◆ **Dataset excerpt**

· · ·

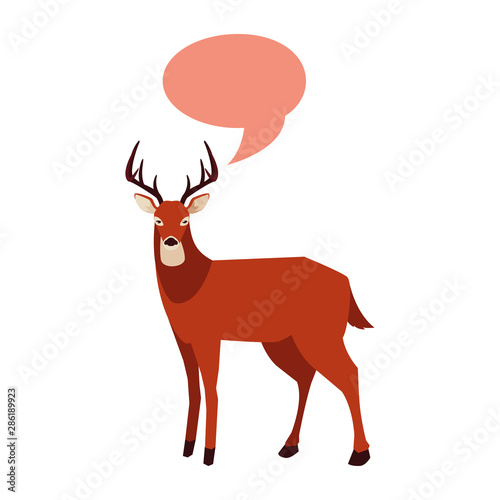 deer happy autumn season flat design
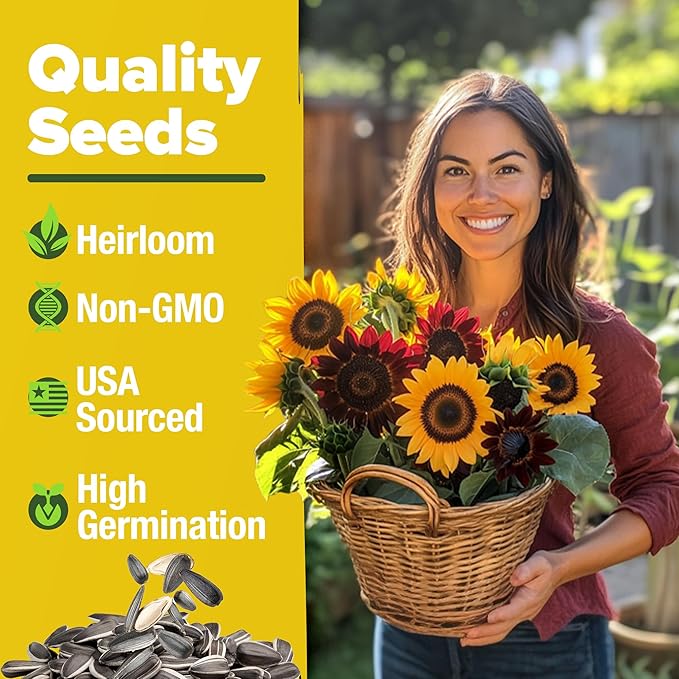 Home Grown Sunflower Seeds for Planting | 8 Varieties |1000+ Non-GMO Sun Flower Seeds Packets to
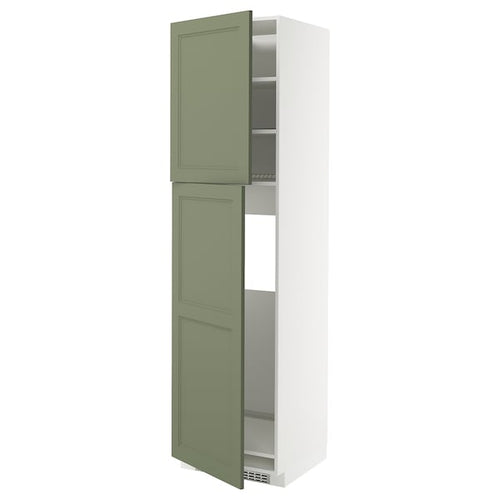 METOD - METOD High cabinet for fridge w 2 doors, white/Axstad grey-green, 60x60x220 cm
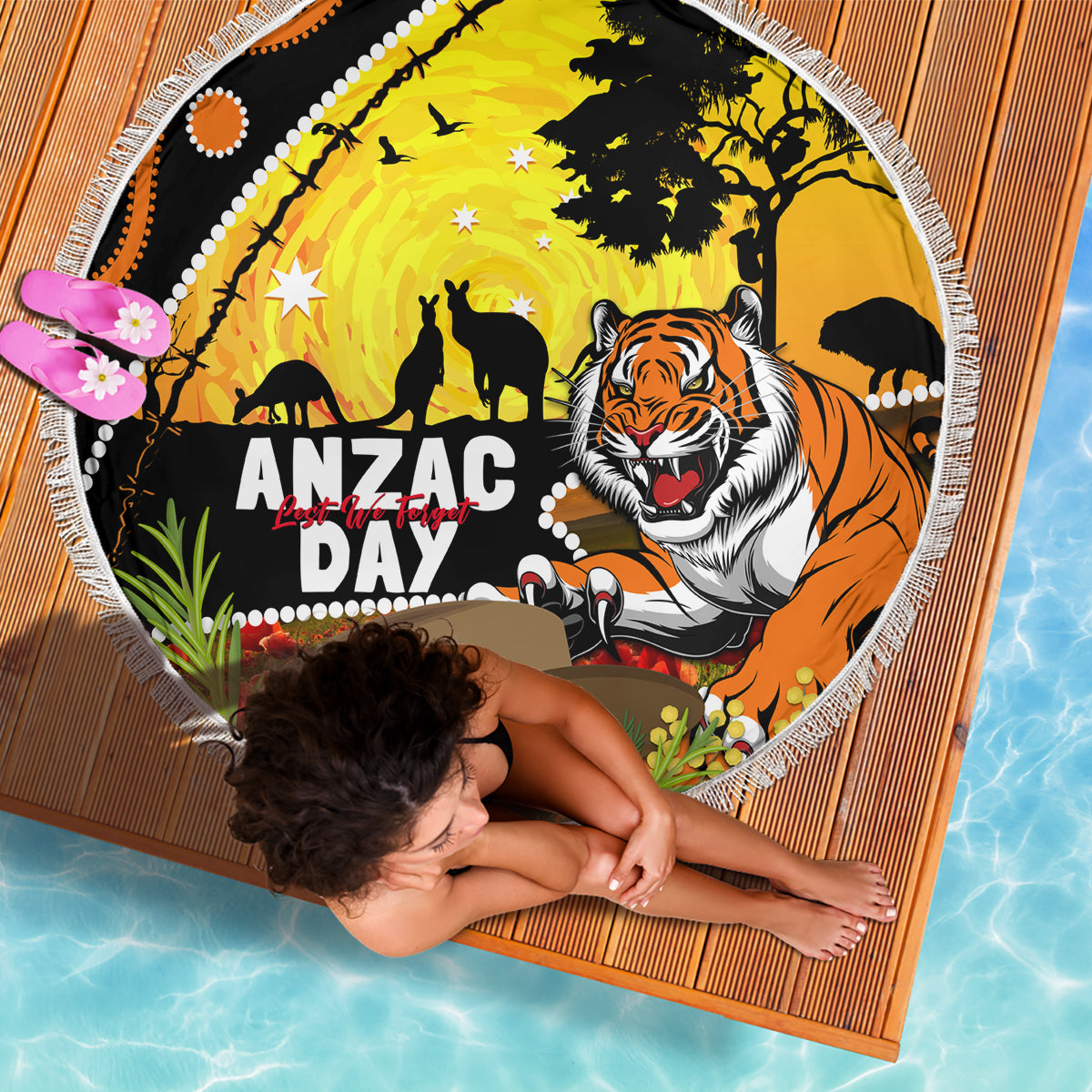 Tigers Rugby ANZAC Day Beach Blanket Wests Mascot Rosemary Starry Night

· · ·

◆ **Exercise directions**
The expected output is the complete listing, word for word, without any picture.

◆ **Result for this task**
 deer happy autumn season flat design
 Home Grown Sunflower Seeds for Planting | 8 Varieties |1000+ Non-GMO Sun Flower Seeds Packets to
 METOD - METOD High cabinet for fridge w 2 doors, white/Axstad grey-green, 60x60x220 cm
 Tigers Rugby ANZAC Day Beach Blanket Wests Mascot Rosemary Starry Night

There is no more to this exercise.